Assigned task -
The result should be an exact copy of only the lines from the one with "three women dressed" through the last line of the data below, with pictures omitted.

Dataset content -
⟨
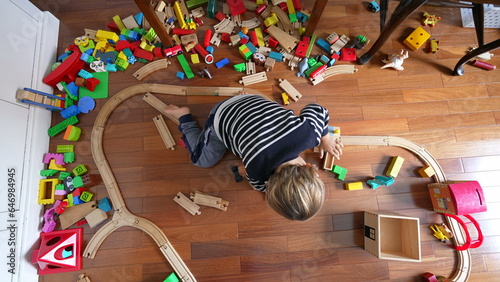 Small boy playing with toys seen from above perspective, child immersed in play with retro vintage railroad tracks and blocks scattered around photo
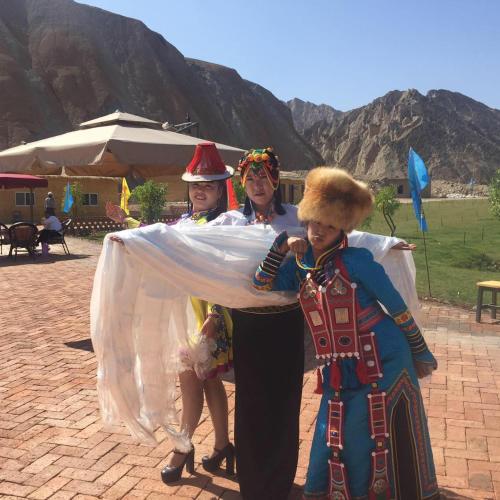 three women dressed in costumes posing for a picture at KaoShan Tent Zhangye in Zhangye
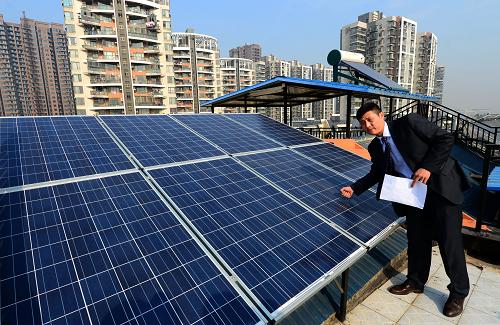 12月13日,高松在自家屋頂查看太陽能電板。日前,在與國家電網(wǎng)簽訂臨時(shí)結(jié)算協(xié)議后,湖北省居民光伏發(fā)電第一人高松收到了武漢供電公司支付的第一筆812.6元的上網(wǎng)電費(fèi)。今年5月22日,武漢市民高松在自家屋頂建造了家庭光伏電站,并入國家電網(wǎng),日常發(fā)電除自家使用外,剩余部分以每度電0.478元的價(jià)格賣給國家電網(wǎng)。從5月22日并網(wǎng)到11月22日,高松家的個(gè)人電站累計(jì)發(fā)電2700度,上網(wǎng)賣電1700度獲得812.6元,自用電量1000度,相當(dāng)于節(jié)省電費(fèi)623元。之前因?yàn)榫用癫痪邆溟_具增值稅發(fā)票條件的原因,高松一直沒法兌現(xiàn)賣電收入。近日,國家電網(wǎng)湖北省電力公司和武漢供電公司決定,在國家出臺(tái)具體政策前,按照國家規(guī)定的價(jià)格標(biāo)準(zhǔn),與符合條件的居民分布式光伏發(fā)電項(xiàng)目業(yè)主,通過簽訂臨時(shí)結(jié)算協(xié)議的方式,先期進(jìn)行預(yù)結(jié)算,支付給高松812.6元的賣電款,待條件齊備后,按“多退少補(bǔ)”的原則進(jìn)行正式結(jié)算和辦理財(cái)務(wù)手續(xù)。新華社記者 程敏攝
⟩
Your solution -
 three women dressed in costumes posing for a picture at KaoShan Tent Zhangye in Zhangye
 12月13日,高松在自家屋頂查看太陽能電板。日前,在與國家電網(wǎng)簽訂臨時(shí)結(jié)算協(xié)議后,湖北省居民光伏發(fā)電第一人高松收到了武漢供電公司支付的第一筆812.6元的上網(wǎng)電費(fèi)。今年5月22日,武漢市民高松在自家屋頂建造了家庭光伏電站,并入國家電網(wǎng),日常發(fā)電除自家使用外,剩余部分以每度電0.478元的價(jià)格賣給國家電網(wǎng)。從5月22日并網(wǎng)到11月22日,高松家的個(gè)人電站累計(jì)發(fā)電2700度,上網(wǎng)賣電1700度獲得812.6元,自用電量1000度,相當(dāng)于節(jié)省電費(fèi)623元。之前因?yàn)榫用癫痪邆溟_具增值稅發(fā)票條件的原因,高松一直沒法兌現(xiàn)賣電收入。近日,國家電網(wǎng)湖北省電力公司和武漢供電公司決定,在國家出臺(tái)具體政策前,按照國家規(guī)定的價(jià)格標(biāo)準(zhǔn),與符合條件的居民分布式光伏發(fā)電項(xiàng)目業(yè)主,通過簽訂臨時(shí)結(jié)算協(xié)議的方式,先期進(jìn)行預(yù)結(jié)算,支付給高松812.6元的賣電款,待條件齊備后,按“多退少補(bǔ)”的原則進(jìn)行正式結(jié)算和辦理財(cái)務(wù)手續(xù)。新華社記者 程敏攝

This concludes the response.